Temporary accommodation has been provided for newly arrived immigrants since Melbourne's earliest days. Usually government-sponsored, such facilities have been particularly important at times of increased migration.

In the 1840s when one-third of the over 90 000 arrivals in Port Phillip were assisted immigrants, a canvas town on the south side of the Yarra River at times housed up to 2000 people in tents provided by the Commissariat Store. This was followed by the creation of government Immigration Barracks (1848) and Barracks for Orphan Emigrants (1849) in the Government Block at the corner of Spencer and Collins streets. The austerity of the buildings reflected government determination to discourage dependence on charity, and authorities insisted buildings, consisting of dormitories segregated by sex, be temporary.
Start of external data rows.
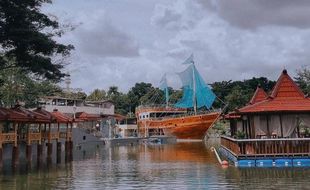 Menikmati Kuliner Dengan Suasana Bahari di Floating Resto Jogja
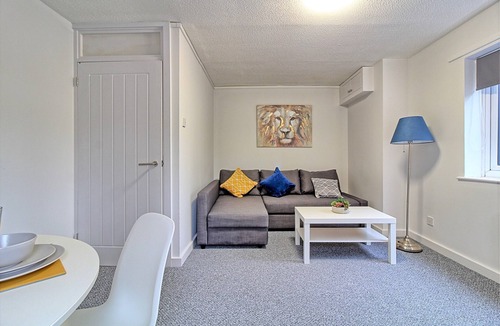 Chelmsford Apartment | Luxury 2 bed central Chelmsford apartment. Parking.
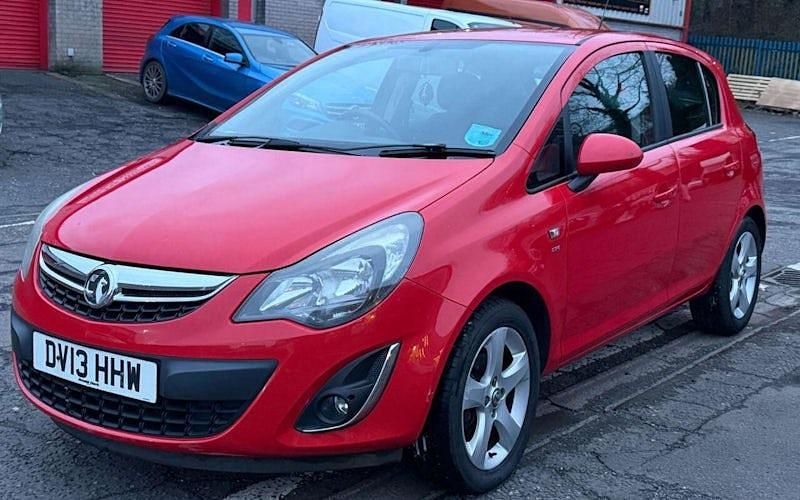Used Vauxhall Corsa S 86 HP (63 kW) 2013 Red Hatchback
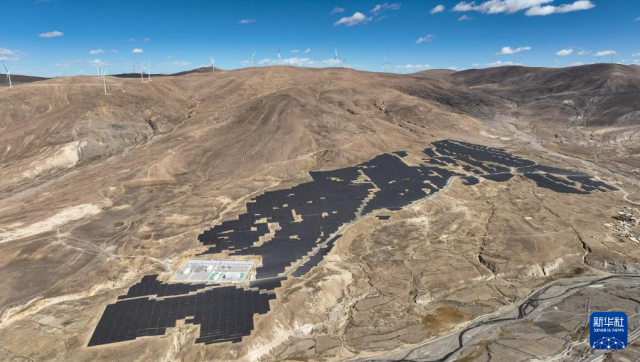 ���أ������Դ������չ��ɫ����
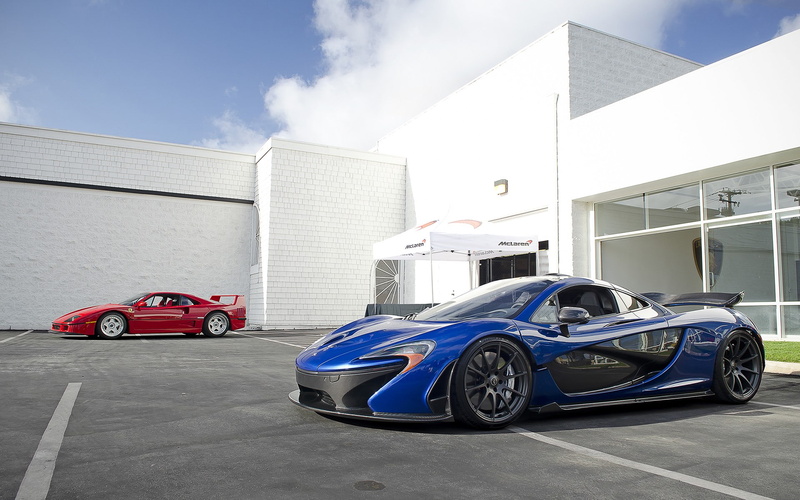 transportation, Ferrari F40, garage, sky, built structure, cloud - sky, land vehicle, Ferrari, mode of transportation, 1080P, modern, McLaren P1, building exterior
Regulations were strict and most immigrants remained only for short periods, but illness and unemployment forced some to stay longer.

The 1850s gold rush accentuated the accommodation crisis. Continental Europeans and Chinese tended to rely on the reception provided by compatriots and community organisations, but in 1852 the government opened barracks for British immigrants at Princes Bridge and in a converted abattoir on Batmans Hill, and aided the construction of an Immigrants' Home in South Yarra and a Wesleyan House in Carlton. The Family Colonisation Loan Society also provided accommodation. Relatively expensive and strictly supervised, these institutions, which provided basic facilities, closed later in the 1850s as the crisis eased.

The decrease in assisted migration reduced demand for reception facilities in the later 19th and early 20th centuries. The reintroduction of assisted immigration with the push for closer settlement in the years immediately prior to World War I prompted the government and other interested parties to rent temporary accommodation, but it was only after World War II that hostels again assumed an important role in housing assisted immigrants.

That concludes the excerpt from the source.